Buchrezension UrknallLesch, H., Gaßner, J. M. (2014): Urknall, Weltall und das Leben - Verlag Komplett-Media, 408 S., zahlr. Fotografien und Abbildungen.

Zwei Physiker diskutieren über Urknall, Weltall und das Leben. Sie berichten über unseren derzeitigen Kenntnisstand zur Welt und was sie im Innersten zusammenhält. In seinem Vorwort appelliert Lesch an des Lesers Bereitschaft, über das Alltägliche und mit den Sinnen Erfahrbare hinaus zu denken, also sich auf ein “Fest des Verstandes” einzulassen.
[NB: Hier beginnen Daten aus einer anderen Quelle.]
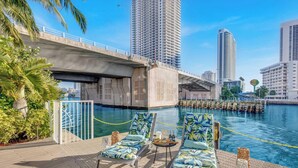 Uima-allasalue aivan veden äärellä, jossa on aurinkotuoleja ja pöytä, silta ja taustalla korkeita rakennuksia.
Er sieht den Wissenschaftler als Reiseführer, der die Laien durch das Reich der abstrakten Modelle geleitet.
Schon die Gliederung der Diskkussion der beiden Physikprofis versucht kaum Verständliches in Bildern zu beschreiben und so Mut zu machen, sich auf diese leserischeHerausforderung einzulassen. Und in dieser Bildersprache fließt auch deren Diskussion dahin - fabulierfreudig, ohne platt zu sein - witzig, ohne der Comedy anheimzufallen. Echte Bilder (Fotografien und Abbildungen) veranschaulichen das Gesagte, zum Teil nüchtern wissenschaftlich, zum Teil von astronomischer Ästhetik. Dramatisch schöne Fotografien weit entfernter Nebel (Gas- und Staubansammlungen) stehen in wohltuendem Gegensatz zu unserem eintönigen Novembernebel.
Liest man sich schon mit Begeisterung durch die ersten Kapitel, verschlägt es einem schier den Atem, wenn die Profis in den beiden letzten Kapiteln ihr an die Ränder menschlicher Erkenntnisfähigkeit gehendes Wissen über aktuelle Grenzfragen der theoretischen Physik ausbreiten, wie es Gaßner formuliert.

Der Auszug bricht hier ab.